The People Who Lived in the Middle West 1,500 Years Ago
While "the talk of the town" these past many decades has been about computer technology including artificial intelligence, what I find equally exciting is evidence about human lives and human ways of organizing themselves, including new technologies, while leaving no written records. In the last few years, parts of dugout canoes have been found in Michigan and Minnesota. These mean large trees were felled and formed into canoes with sharpened stone tools. Steel was other places but not here. It is evidence there were settlements that existed for considerable periods of time and were organized and skilled.
From the material found it is evident locals had experience and knowledge about the wood from different species of trees. I have split elm for firewood and know it to have strong fibers. Native knew this, too, and used it in their canoes.
Several of the canoe parts have been found where rivers meet. Later, these became to sites for cities because of the commerce going past on rivers. No doubt, ancient native societies settled in the same locations for the same reasons.
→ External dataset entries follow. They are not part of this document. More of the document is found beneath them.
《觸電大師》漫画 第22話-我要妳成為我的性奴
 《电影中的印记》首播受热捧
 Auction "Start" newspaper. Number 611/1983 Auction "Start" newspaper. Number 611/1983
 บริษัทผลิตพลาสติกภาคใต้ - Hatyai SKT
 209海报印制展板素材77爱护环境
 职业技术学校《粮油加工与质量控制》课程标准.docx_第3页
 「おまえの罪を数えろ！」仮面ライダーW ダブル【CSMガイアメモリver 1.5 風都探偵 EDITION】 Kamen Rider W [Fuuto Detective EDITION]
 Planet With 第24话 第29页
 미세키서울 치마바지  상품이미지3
All of this reinforces the message of what we now know about native societies. They were not "savages" who only hunted. They were instead sophisticated societies who developed and changed their livelihoods, organizational structures and even locations as preferences and weather changed.
Lots of information about early people in North America was recorded by the French Jesuits who came to convert them to Christianity. The Jesuits found Christianity to be a hard sell because natives had already debated religion among themselves and found flaws in the Jesuit case for Christianity.
The people here before Europeans knew how to make canoes, trade and organize their societies.